Irish ROSNAT or FUTERNA; Latin CASA CANDIDA

Monastery in the Machars of southwest Scotland, founded by St. Ninian in the late IV or early V Century.

Built in an apparently Mediterranean style, Casa Candida was a place of ascetical struggle. Latin accounts of desert sketes and the example of St. Martin in Gaul had produced an Egyptian-style monastic movement across Western Europe, and Whithorn was perhaps the northwesternmost of the first-wave Latin monastic communities. It was also a centre of evangelism, and its monks (probably including St. Ninian himself) were responsible for the astonishingly rapid spread of Orthodoxy among the Picts.
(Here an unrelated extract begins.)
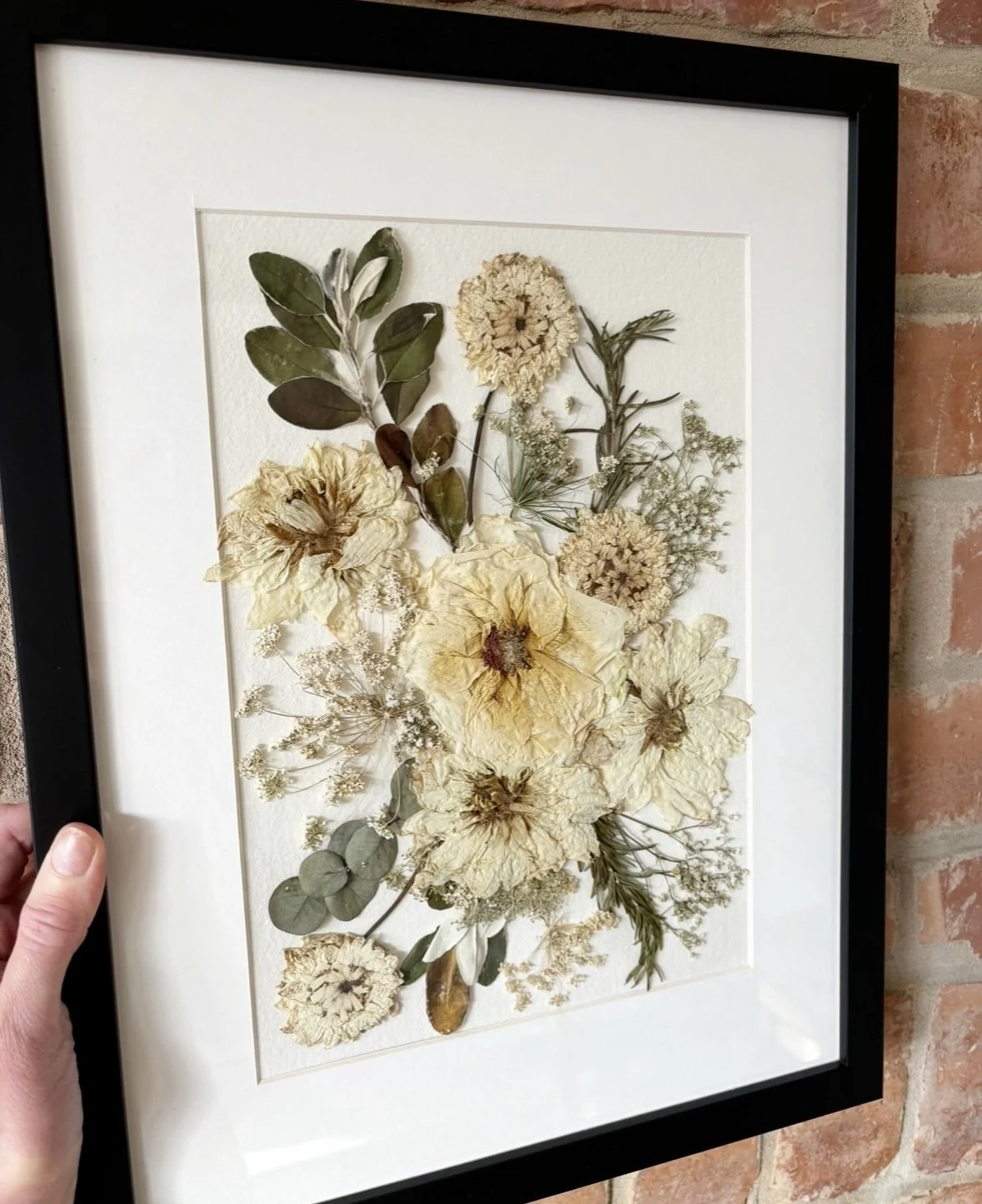 Preserving Memories: The Art of Flower Pressing for Bereavement Flowers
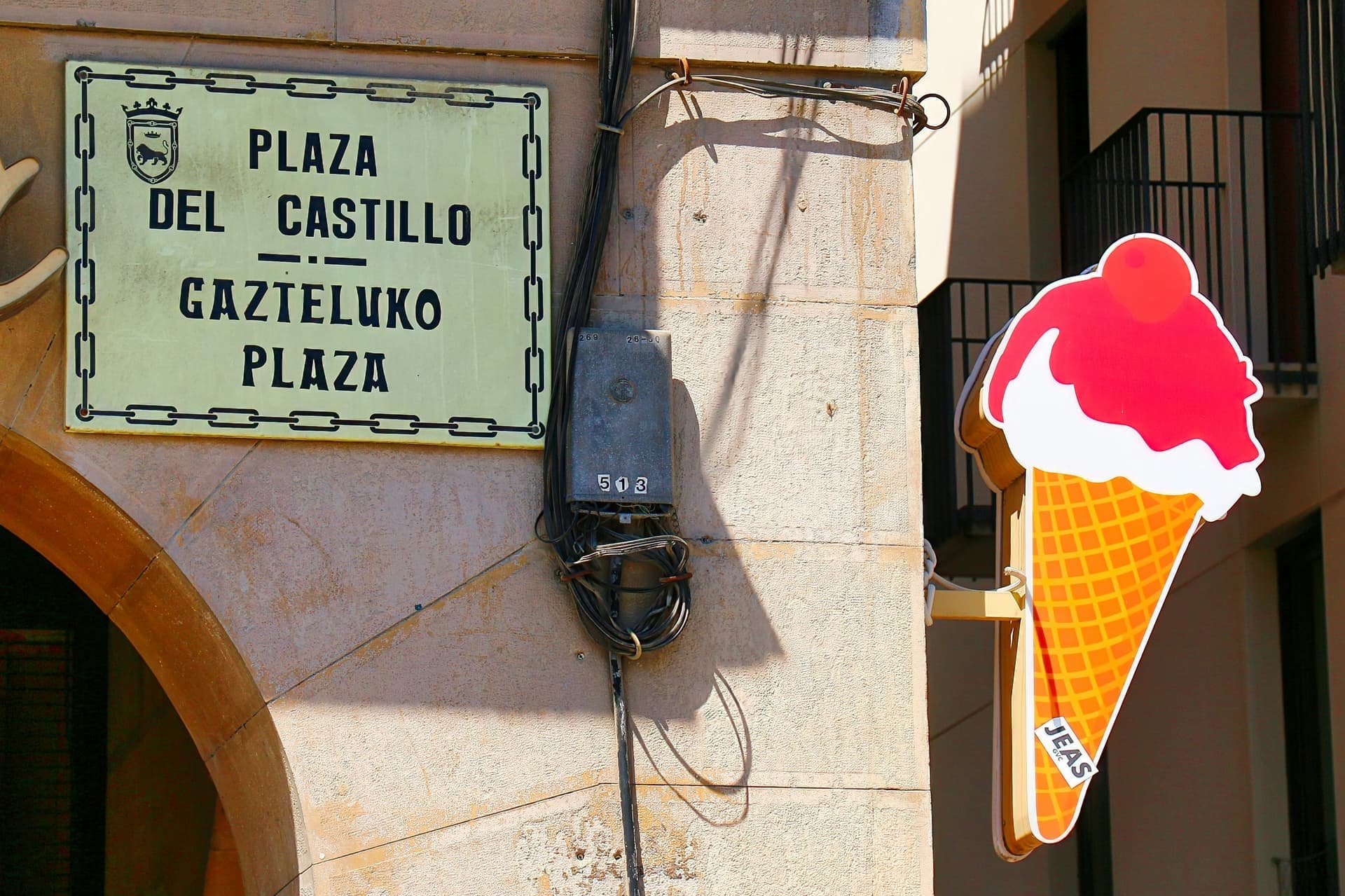 Servicios de teléfono AI en Pamplona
The many changes of political rule in Galloway during the so-called "Dark Ages" left Whithorn largely unscathed, and it seems to have eventually become a crucial linkage joining the various hostile ethno-linguistic groups which fought for the region. The monastery's famous school, one of the first Orthodox universities in the British Isles, attracted students from England, Ireland, and elsewhere; it offered a spiritually-grounded education not only to monks and clergy but to lay people as well. The great majority of male Irish saints are said to have "studied at Futerna": so many, in fact, that modern scholars are doubtful, and suggest that hagiographers used the phrase as a stock synonym for "was highly educated". (The university is also said to have admitted female students; unfortunately, information about this policy comes only from ancient writers interested in spreading scandalous ecclesiastical gossip.) According to some accounts, the relics of St. Andrew the Apostle later enshrined at St. Andrews were originally brought to Whithorn by St. Acca of Hexham.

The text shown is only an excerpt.